## Your goal
Copy each line below as written, but skip the pictures.

## The data

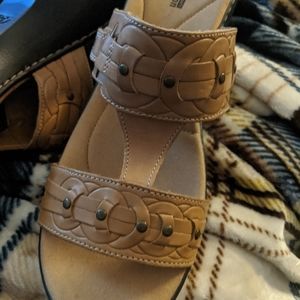 clarks delana macrae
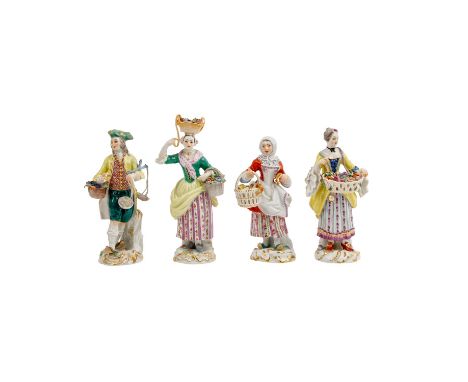 MEISSEN, Vier Ausrufer aus der Serie "Cris de Paris", 20.Jh. Porzellan polychrom bemalt und goldstaffiert, unterglasur Schwer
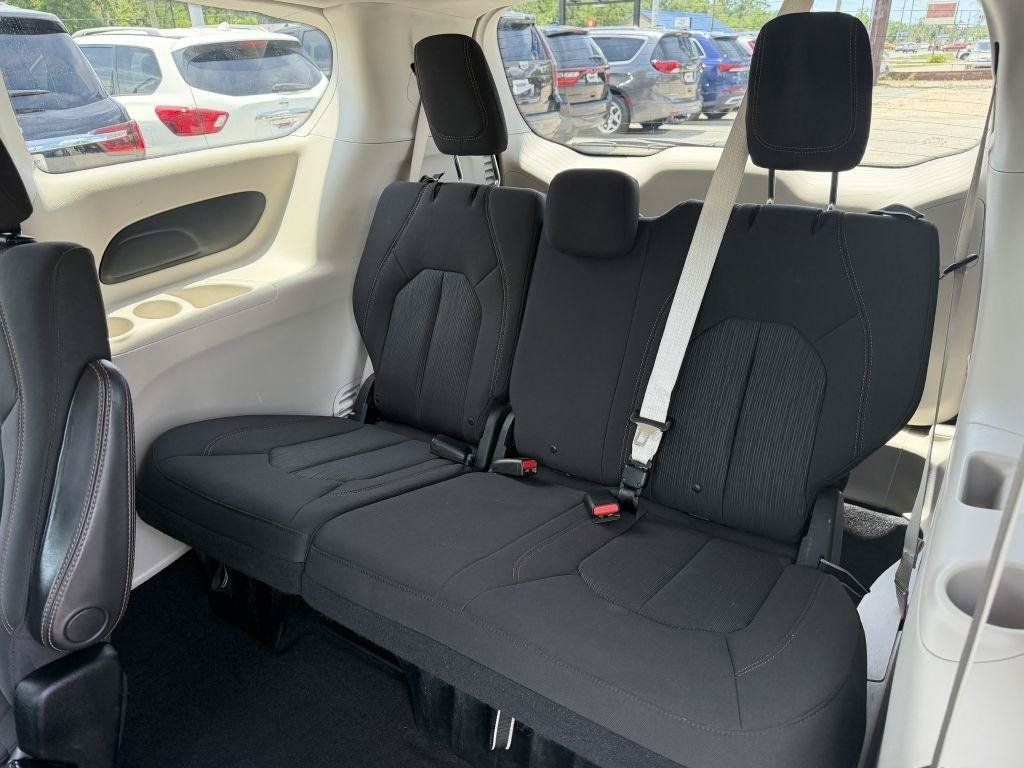 Used 2017 Chrysler Pacifica Touring FWD image 14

## Solution to this problem
 clarks delana macrae
 MEISSEN, Vier Ausrufer aus der Serie "Cris de Paris", 20.Jh. Porzellan polychrom bemalt und goldstaffiert, unterglasur Schwer
 Used 2017 Chrysler Pacifica Touring FWD image 14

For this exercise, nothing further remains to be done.